Anyhow, for our money "It's a Good Life" just might be the finest horror story ever produced for television. There isn't a wasted word or gesture, the pacing is perfect, and the tension generated by all the actors is palpable. Everyone except the little monster conveys the smothered fear they're experiencing, the overwhelming need to run away from this living hell they're trapped in. Yes, TENSION and DREAD encapsulate the emotional states of the grownups, as they tiptoe around a living bomb with the full knowledge of what happens to anyone who crosses him: being wished away into the cornfield (it sounds so innocuous, doesn't it?).
Seeing adults who should be in charge abasing themselves before a child, feigning cheerfulness with as much earnestness as they can muster, being complaisant when their impulse is to take a stick or a bottle or something and beat this kid to death—the whole situation is a complete inversion of the normal order of things, and we're sure Bixby and Serling—being writers who strove to wring out of their characters as many emotional variances as possible—loved it.

For example:
The Monster: No kids came over to play today, not a single one, and I wanted someone to play with!
His Father: Well, Anthony, you remember what happened the last time some kids came over to play? The little Fredricks boy and his sister.
The Monster: I had a real good time.
Father: Oh, sure you did, you had a real good time, and it's good that you had a good time, it's real good. It's just that . . .
The Monster: It's just that what?
Father: Well, Anthony, you, uh . . . you wished them away into the cornfield, and their mommy and daddy got real upset.
The dreadful irony of what the father is saying — "it's good that you had a good time, it's real good" — isn't lost on the audience or the father, who must make murder seem like a good thing. GOOD—count how many times that word is used in the script, and think how often it's employed as a euphemism for EVIL.
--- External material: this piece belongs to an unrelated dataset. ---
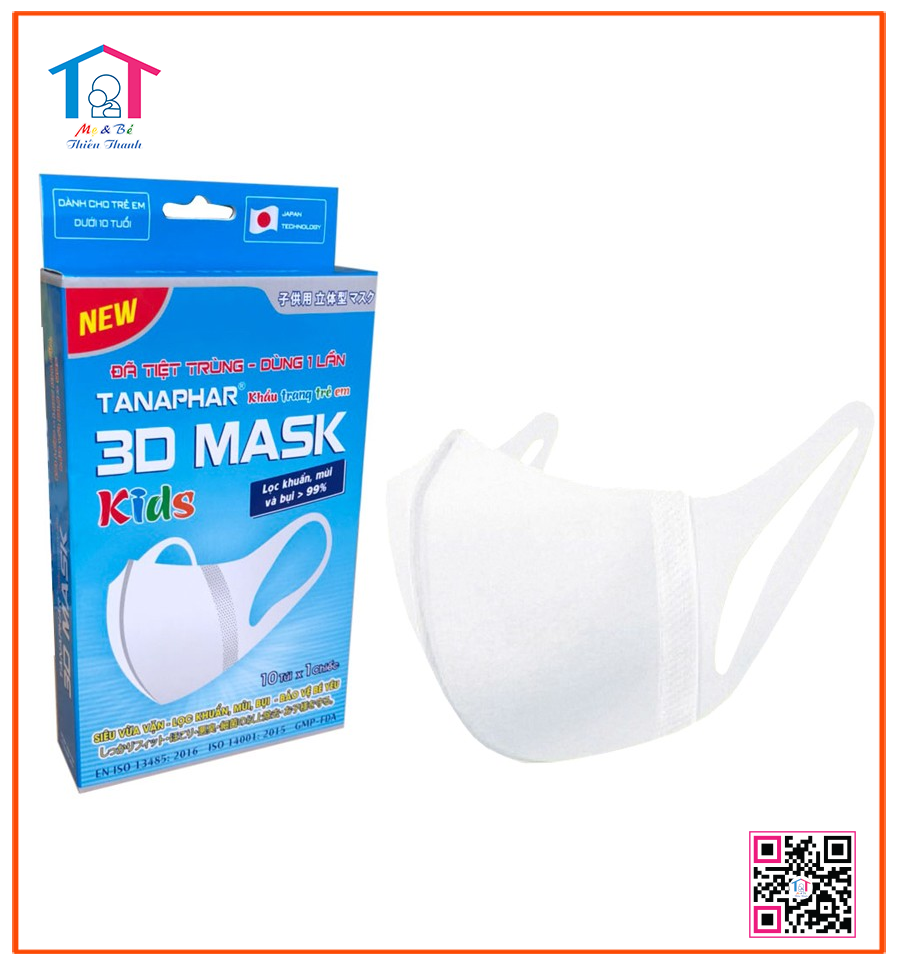 Khẩu trang 3D Mask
Another instance: When the father, a farmer who makes his living off the land, looks out the window he almost loses his cool:
Father: It's snowing outside! Anthony, are you making it snow?
The Monster [nonchalantly]: Yes, I'm making it snow.
Father: Why, that'll ruin half the crops! You know that, don't you, half the crops! That's what that . . . [His wife hurries to his side and through small, barely perceptible gestures urges him to calm down, which he does] But it's good you're making it snow. It's real good. And tomorrow's going to be a good day too.
Only it isn't.

Just 25 minutes long, "It's a Good Life" will have you as tied up in knots as the characters on the screen. This show proves that Hollywood is—or at least was—capable of producing engrossing entertainment without bludgeoning the viewer with a message.
But Hollywood is also capable of producing gross "entertainment." A feature-length film, Twilight Zone: The Movie, was released (or maybe it escaped) in 1983, in which they unsuccessfully attempted to remake "It's a Good Life" with major annoying changes in the plot—and in color. They shouldn't have bothered.
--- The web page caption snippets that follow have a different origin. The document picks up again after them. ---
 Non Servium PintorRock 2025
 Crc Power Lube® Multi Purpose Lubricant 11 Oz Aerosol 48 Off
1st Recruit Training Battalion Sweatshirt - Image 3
And they shouldn't have bothered with a "sequel" of sorts, either, in the reprised Twilight Zone episode "It's Still a Good Life" (2003), in which The Monster has a daughter.

Rod Serling said that when he looked back over his series (156 shows in all), about one third of the stories were bad, a third were only fair—but a third of them were something to be proud of. In our estimation, "It's a Good Life" is definitely one of those he should have been proud of.